恐る恐る目を開けるとその人は暴れたせいで解れた髪を手にとっていた。髪を太い指に絡ませて弄ぶ。
「へへっ」
男は目が合うとにやりと嫌らしく笑った。まるで私の反応を楽しんでいるかのように。
背筋にぞっと寒気が走った。
……何をされるの?
ふと、視界の端に男が腰にさげている大きな剣が飛び込んできた。さっき見た刃の鈍い輝きを思い出して更に恐怖する。あの短剣とは比べ物にならないくらい大きな半月刀……。

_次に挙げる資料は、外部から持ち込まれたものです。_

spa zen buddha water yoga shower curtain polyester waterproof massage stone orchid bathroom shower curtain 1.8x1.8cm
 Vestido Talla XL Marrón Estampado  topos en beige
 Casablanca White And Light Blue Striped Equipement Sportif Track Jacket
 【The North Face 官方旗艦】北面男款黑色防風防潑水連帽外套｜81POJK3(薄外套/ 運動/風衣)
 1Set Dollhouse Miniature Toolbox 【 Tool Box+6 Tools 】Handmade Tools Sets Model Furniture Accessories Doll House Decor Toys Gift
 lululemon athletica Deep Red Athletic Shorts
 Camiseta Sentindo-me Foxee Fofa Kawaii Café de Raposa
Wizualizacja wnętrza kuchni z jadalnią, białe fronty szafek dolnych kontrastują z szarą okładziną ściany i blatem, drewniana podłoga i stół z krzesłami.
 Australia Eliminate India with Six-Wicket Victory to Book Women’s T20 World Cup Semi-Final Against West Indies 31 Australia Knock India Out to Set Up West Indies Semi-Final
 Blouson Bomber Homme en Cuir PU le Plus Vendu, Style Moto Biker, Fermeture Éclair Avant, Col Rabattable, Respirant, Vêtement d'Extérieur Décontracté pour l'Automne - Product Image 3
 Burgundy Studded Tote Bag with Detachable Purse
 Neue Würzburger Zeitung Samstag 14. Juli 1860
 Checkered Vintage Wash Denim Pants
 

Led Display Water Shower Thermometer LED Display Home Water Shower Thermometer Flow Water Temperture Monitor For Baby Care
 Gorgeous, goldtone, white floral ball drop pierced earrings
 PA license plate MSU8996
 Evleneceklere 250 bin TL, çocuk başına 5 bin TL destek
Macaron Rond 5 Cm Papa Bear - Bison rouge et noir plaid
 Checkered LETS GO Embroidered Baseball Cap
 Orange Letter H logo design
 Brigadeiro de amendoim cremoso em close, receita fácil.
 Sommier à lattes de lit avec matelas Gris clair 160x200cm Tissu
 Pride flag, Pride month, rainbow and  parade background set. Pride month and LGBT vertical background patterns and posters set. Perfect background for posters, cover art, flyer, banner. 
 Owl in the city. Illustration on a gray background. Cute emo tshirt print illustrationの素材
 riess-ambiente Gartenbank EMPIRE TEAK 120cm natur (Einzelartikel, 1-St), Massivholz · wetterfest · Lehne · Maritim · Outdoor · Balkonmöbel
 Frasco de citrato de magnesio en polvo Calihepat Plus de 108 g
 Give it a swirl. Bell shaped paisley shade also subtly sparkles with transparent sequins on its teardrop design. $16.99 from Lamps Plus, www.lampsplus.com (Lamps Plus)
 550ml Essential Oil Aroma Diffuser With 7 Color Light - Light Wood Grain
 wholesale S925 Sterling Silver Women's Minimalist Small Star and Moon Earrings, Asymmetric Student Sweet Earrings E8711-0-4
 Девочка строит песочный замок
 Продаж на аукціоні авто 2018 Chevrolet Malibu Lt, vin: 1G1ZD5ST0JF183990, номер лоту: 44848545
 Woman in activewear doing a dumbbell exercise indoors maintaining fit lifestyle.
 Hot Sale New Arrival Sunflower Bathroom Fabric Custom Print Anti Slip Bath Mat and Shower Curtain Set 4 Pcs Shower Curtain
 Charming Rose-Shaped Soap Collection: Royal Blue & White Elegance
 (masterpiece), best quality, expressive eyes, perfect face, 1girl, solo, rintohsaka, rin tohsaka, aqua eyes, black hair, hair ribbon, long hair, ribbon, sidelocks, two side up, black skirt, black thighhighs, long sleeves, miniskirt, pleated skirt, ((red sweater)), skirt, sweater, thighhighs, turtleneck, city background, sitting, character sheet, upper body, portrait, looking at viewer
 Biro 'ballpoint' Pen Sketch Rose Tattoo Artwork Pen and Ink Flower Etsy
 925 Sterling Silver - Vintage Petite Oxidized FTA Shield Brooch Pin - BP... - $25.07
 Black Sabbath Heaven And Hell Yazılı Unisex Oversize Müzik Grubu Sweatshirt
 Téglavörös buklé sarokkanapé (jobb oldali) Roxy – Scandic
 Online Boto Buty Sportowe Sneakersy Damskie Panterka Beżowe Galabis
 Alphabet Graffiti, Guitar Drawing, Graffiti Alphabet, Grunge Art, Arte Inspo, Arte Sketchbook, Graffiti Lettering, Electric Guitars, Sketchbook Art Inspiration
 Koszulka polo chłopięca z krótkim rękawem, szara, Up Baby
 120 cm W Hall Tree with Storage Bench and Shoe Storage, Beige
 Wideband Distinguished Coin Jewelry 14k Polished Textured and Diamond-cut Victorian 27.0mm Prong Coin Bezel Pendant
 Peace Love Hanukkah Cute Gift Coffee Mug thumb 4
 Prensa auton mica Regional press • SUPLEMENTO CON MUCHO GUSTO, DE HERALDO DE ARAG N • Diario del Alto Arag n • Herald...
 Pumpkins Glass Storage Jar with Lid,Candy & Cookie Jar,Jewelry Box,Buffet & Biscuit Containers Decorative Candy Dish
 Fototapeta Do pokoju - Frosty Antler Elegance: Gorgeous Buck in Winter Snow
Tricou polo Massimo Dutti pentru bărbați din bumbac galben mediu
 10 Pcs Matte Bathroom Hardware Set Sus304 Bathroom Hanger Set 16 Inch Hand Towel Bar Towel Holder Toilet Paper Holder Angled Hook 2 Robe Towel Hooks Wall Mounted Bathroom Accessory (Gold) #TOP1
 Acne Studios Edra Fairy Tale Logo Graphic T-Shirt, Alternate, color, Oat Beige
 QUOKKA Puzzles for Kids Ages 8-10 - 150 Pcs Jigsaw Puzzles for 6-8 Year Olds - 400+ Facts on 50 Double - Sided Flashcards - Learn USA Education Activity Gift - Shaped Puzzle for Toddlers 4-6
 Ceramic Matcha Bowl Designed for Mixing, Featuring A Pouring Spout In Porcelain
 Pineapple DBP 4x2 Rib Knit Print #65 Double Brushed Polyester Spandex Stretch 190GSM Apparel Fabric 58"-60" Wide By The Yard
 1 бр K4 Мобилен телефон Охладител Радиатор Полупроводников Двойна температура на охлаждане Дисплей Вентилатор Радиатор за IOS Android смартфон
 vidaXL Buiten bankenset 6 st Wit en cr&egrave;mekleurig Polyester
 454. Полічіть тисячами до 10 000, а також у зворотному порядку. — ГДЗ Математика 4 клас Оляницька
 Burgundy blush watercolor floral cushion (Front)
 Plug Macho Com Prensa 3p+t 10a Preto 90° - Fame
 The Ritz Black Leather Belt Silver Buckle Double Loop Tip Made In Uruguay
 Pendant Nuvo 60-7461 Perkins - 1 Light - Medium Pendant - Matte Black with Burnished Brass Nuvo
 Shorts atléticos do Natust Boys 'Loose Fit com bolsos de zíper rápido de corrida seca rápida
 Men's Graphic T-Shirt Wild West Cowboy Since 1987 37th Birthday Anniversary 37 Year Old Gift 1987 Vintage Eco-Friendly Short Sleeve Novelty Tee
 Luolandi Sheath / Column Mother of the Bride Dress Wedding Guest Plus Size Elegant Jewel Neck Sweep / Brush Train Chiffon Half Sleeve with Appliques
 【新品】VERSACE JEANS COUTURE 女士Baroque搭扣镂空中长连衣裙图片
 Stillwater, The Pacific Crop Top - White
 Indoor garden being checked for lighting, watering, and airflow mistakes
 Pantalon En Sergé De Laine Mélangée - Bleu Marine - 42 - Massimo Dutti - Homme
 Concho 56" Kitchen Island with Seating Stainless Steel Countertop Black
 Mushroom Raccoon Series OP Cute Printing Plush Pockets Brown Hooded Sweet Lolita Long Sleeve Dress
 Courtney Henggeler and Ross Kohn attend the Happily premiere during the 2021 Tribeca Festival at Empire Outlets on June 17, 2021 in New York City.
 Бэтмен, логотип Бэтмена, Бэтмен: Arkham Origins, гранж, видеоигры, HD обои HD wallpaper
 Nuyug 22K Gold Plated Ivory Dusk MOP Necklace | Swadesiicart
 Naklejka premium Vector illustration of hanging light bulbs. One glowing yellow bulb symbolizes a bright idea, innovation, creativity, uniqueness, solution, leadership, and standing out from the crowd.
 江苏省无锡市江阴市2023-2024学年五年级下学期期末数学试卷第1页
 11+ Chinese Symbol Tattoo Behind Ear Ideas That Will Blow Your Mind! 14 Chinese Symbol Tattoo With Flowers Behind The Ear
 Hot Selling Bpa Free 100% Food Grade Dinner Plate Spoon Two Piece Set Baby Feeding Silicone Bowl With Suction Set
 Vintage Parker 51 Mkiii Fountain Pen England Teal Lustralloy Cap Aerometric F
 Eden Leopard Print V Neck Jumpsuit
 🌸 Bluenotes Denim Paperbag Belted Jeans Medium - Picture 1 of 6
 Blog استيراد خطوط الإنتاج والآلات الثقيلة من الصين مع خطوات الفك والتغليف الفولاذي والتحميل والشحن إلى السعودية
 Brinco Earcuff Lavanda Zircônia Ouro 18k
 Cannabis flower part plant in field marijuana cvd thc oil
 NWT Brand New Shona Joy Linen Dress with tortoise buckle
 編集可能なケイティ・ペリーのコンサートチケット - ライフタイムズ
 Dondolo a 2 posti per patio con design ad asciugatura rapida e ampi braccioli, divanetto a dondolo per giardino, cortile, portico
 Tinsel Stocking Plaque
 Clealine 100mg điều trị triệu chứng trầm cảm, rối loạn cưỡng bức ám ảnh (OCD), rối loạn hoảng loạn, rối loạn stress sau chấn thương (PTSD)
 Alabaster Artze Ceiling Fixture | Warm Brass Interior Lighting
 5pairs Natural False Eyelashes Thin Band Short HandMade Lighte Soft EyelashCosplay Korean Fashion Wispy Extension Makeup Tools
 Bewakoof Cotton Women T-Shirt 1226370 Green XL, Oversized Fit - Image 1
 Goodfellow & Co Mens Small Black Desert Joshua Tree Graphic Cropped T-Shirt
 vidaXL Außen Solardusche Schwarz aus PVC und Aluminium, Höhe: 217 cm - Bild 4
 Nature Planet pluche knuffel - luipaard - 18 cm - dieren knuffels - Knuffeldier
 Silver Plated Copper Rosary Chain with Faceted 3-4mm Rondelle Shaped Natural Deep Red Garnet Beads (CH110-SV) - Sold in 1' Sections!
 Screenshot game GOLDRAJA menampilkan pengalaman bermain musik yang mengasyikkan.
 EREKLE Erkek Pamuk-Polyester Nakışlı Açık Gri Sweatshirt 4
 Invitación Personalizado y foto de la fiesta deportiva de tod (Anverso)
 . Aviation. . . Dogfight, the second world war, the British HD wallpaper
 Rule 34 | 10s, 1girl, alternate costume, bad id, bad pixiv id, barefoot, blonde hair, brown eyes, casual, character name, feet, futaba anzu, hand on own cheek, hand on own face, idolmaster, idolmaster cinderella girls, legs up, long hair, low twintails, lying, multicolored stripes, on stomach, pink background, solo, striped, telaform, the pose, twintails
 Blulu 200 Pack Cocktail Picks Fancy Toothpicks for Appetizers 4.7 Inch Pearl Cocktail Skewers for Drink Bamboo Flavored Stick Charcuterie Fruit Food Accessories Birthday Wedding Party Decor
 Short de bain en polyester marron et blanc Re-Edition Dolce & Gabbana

震えることしかできない私を見てもう片方の男が近づいてきて、腕を掴んだ。
「ちょっとくらい抵抗してもらわなきゃ面白くねぇな」
すごい力で引っ張られて奥から引きずり出された。そのまま遊ばれるように狭い路地を引きずり回される。
「や、嫌っ!!」
男に触れられた瞬間、嘘のように声が出て、体が動くようになった。掴まれた腕を外そうと必死に抵抗する。でも、相手はびくともしない。無駄な抵抗。男の思惑通りだった。
その時、がっという不気味な音が路地に響いた。
音が聞こえたのと同時に、私を引きずっていた男が動きを止めた。
私も男たちも一斉に音の方へ目を向けていた。
「ジェラルド……」
静寂の中、聞こえたのは自分の呟きだった。
私はその瞬間、彼の名前を呼ぶのは初めてだ、と場違いな事を思った。
☆どうでもいい後書き☆
(勝手にシリーズ化決定)
登場したお酒、アラックは実在します。アルコール度数は高いものになると50度を超えるものも。水で割ると白く濁る事で有名かもしれません。